『死線を越えて』の発刊(1)

 賀川が貧民窟に入って10年たった頃から、その体験を生かして書いた論文が、中央の知識人の間の話題にもぼってきた、ことに『貧民心理の研究』は異色のある著述として学会からも注目せられた。
 そこへ沖野岩三郎が、大正7年11月の雑誌「雄弁」に「日本基督教界の新人と其事業」を書いて、賀川を紹介した。

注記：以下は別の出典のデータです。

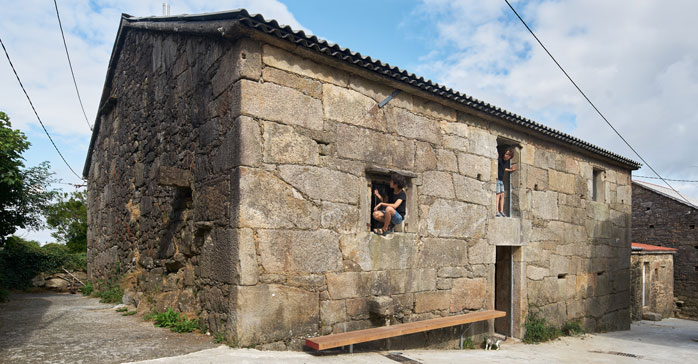 Casa O Fieiro. Una casa a tracción dentro de otra a compresión / Arturo Franco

 この頃、山本実彦が雑誌「改造」を創刊しようと準備していて、この記事によって賀川に関心を寄せた。賀川が「改造」に寄稿したのは、4号の「唯心的唯物史観の意義」が最初で、その後は毎号論説を発表した。「神戸に賀川という変った学者がいる」と噂されたのはこの頃のことである。「改造」の編集長、横関愛造と「大阪毎日新聞」の記者、村島帰之は、どちらも早稲田大学の出身であった。村島は『ドン底生活』を書いて、一風変った新聞記者として名声を馳せている、新しい思想の理解者であった。賀川がアメリカから帰って、2カ月たつかたたぬ大正6年7月14日の午後、大阪堂島田蓑橋際の大阪府知事官舎で、大阪府救済事業研究会の月並例会があった。この日は新帰朝者の賀川が「貧民心理の研究」と題して講演した。

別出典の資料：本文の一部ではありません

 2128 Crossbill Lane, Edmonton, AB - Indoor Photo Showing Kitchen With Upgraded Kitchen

 この講演の大要を筆記して、「大阪毎日新聞」に載せたのが村島である、これによって、賀川と村島の友情が結ばれた。村島は、1日、賀川の住む新川貧民窟を訪ね、賀川の献身的な事業を視察し、非常に感激した。
 村島と横関の間で、賀川の自叙伝的な小説を、「改造」に掲載しようと云う話がまとまって、それが改造社長山本実彦に伝えられた、山本は親しく貧民窟に賀川を訪ね、その生活と事業に深い感銘を覚えた。そして「死線を越えて」の原稿を受け取って東京に帰った。
 「死線を越えて」は三河の漁村で闘病生活をしている時代に書いた「鳩の真似」である。「鳩の真似」は其の後「再生」と改題されたが、山本に原稿が手渡される時には更に「死線を越えて」と改められた。
 大正9年1月号の「改造」に小説「死線を越えて」が35ページに亘って掲載され、更に「死線を越えてについて」という一文が付記された。その全文をかかげる。
「本篇は何分600枚にわたる長編なので、本号には僅かにその5分の1しか掲載することができなかった。それに肝要な部分は伏字又は削除の余儀なきものがあったので、何となく不徹底のうらみがあるのはまことに残念である。本篇の主人公が、真に活躍するのは、来月号からである。賀川氏の豊麗なる詩想と、徹底せる思想とが、血と涙によって描きだされる、火の如き熱筆を期して待たれよ」
 「死線を越えて」に対して作家方面からの批難は激しいものがあった。しかし、製本屋の小僧の如きが、2回、3回と待ち構えて読んでいることが分かったので、反対を押しきって4回まで掲載された。
 その後、単行本にする計画がすすめられた時、村島は危惧の念を抱いてあまり賛成しなかった。しかし、改造社はそれを敢行した。(続く=横山春一著『賀川豊彦傳』から転載)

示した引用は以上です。